Content starts
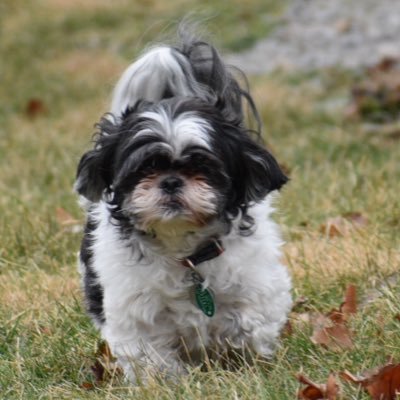 Profile Picture of Kevin Stroud (@KevinStroud_44) on Twitter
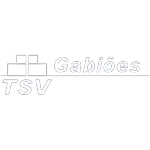 Ícone da TSV GABIOES CONSTRUCOES E TERRAPLENAGEM LTDA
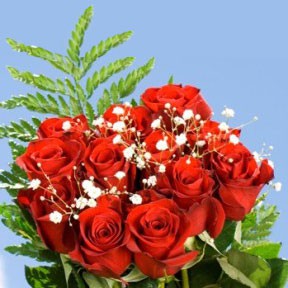 6 Long  Dozen Red Elegant Roses  72 Roses & Fillers She Will Love Them
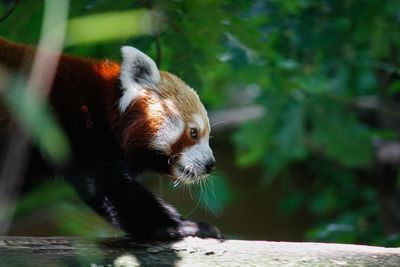 Close-up of red panda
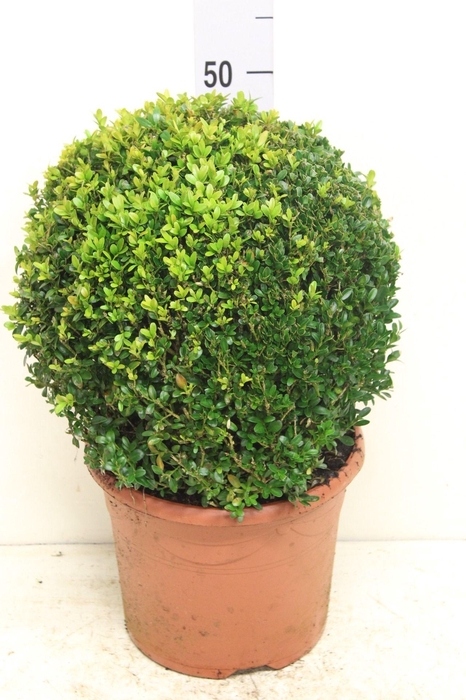 <h4>Buxus sempervirens bol P26 (potgekweekt)</h4>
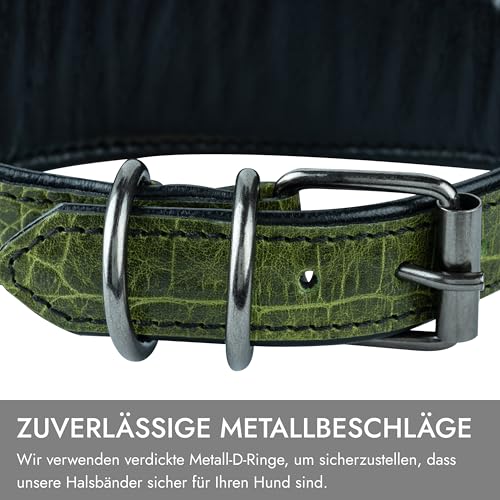 FAVPET Luxus Echtleder Windhund Halsband Breit mit QR Code Anhänger, Weiches Lederhalsband Hund Breit Whippet Italienisches Windspiel Saluki Lurcher Spanischer Galgo Greyhound Podenco (Grün, S)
Content ends
*REQUIRED WORK*: Reproduce every record exactly; images stay out.

*YOUR SOLUTION*:
 Profile Picture of Kevin Stroud (@KevinStroud_44) on Twitter
 Ícone da TSV GABIOES CONSTRUCOES E TERRAPLENAGEM LTDA
 6 Long  Dozen Red Elegant Roses  72 Roses & Fillers She Will Love Them
 Close-up of red panda
 <h4>Buxus sempervirens bol P26 (potgekweekt)</h4>
 FAVPET Luxus Echtleder Windhund Halsband Breit mit QR Code Anhänger, Weiches Lederhalsband Hund Breit Whippet Italienisches Windspiel Saluki Lurcher Spanischer Galgo Greyhound Podenco (Grün, S)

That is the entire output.